Considering the vast amount of artifacts found in Guerrero, it is logical to conclude they could neither have been conceived nor achieved without the involvement of a workforce consisting of thousands of part- and full-time craftsmen; possibly of an entire community including the children. Also, due to the amazing variety of subjects - particularly of the Mezcala tradition, which is surely greater than that of any other society on a Neolithic level of development - the disparate range, which includes standing and seated figures, masks and face panels, facades of so-called temples, musical instruments, miniaturized animals, reptiles, birds and household equipment, may have been made under the jurisdiction of guilds or their equivalent, and/or by shamans and specialists in one or another kind or type.

Other than at least two Chontal models of palanquins, or litters, with reclining personages, and a few Mezcala and Chontal figures and face panels whose heads bear decorated bands, enigmatic horn-like elements and zoological creatures, there are few signs of grandiose rank or hierarchy associated with the artistic production of socially and politically advanced societies.
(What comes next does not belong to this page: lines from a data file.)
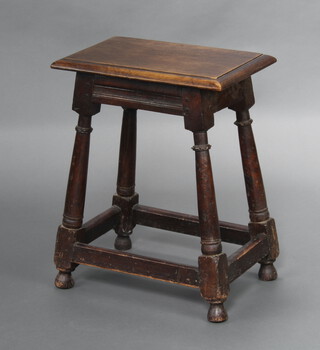A rectangular Victorian oak joined stool raised on turned and block supports with box frame stretcher 54cm h x 43cm w x 28cm d 
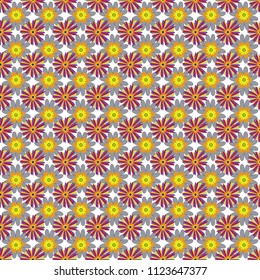 Print for silk, calico and home textiles. Vector vintage natural pattern. Design for cloth, wallpaper, gift wrapping. Seamless background with cute simple flowers in gray, orange and white colors.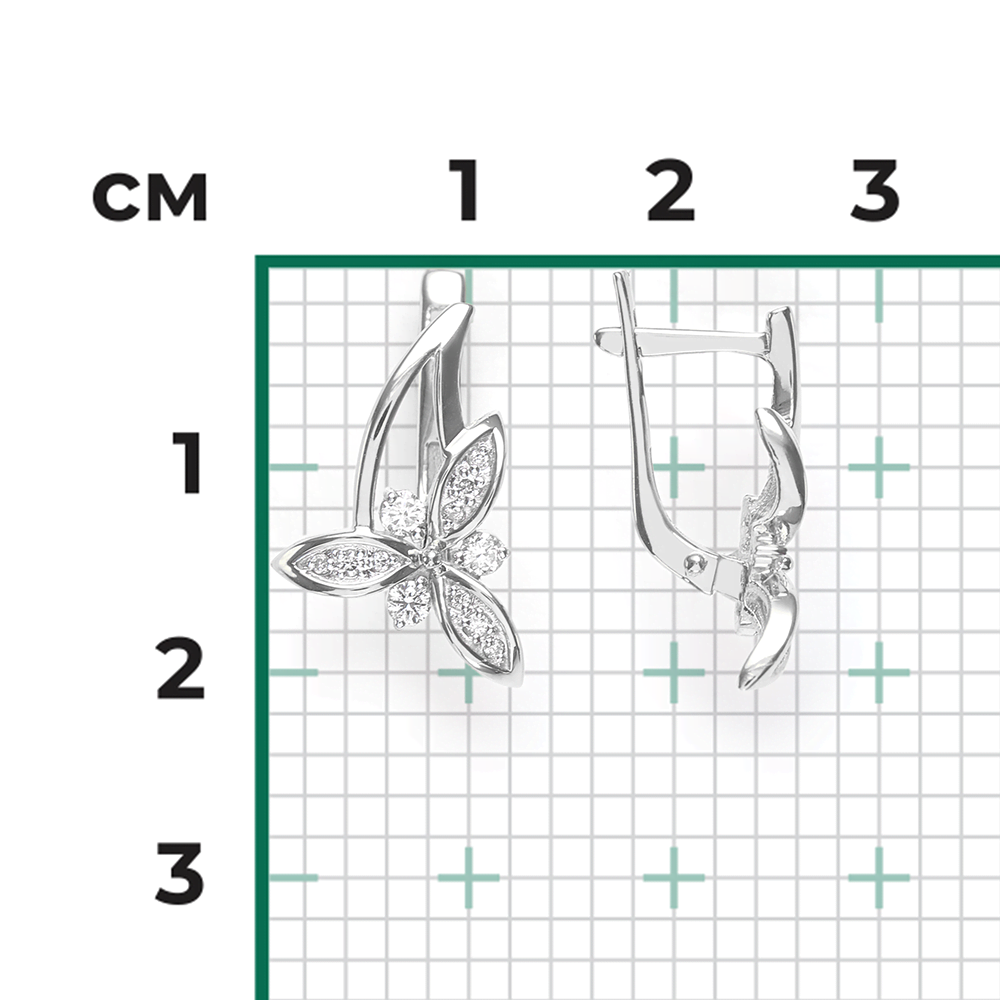 Серьги с английским замком из белого золота с бриллиантами 02-0354-00-101-1120-30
This alone seems to prove that, as Miguel Covarrubias proposed in 1946, Carlo Gay iterated in his book Mezcala in 1992, and Robin Gay reiterated in Chontal. Ancient Stone Sculpture from Guerrero, Mexico in 2001, the Formative Period of Mexican cultural history may well be in Guerrero.

In the 1930s, a few Mexicans, among them Diego Rivera and Miguel Covarrubias, began collecting Precolumbian artifacts. In the 1940s and 1950s an influx of expatriates from the United States and Europe arrived in Mexico, many of whom became fascinated with the unique legacy of their adopted country and began collecting. Legendary names include Frederich Field, Franz Feuchtwanger, Daniel Brenman and Milton Leof, each of whom would become a serious student in his particular field of interest. Among the most ardent was Milton Leof who not only amassed a comprehensive collection of Mezcala and Chontal artifacts but deserved the rare title, "expert." Together, the expatriates and subsequent collectors from the United States and Europe can be credited not only with awakening a global interest in Mexican archeology, but with provoking the scholars and archeologists who claim that contextual and temporal evidence is destroyed by looters encouraged by market demands. On the other hand, the collectors defend their moral right to salvage material that otherwise would have been lost.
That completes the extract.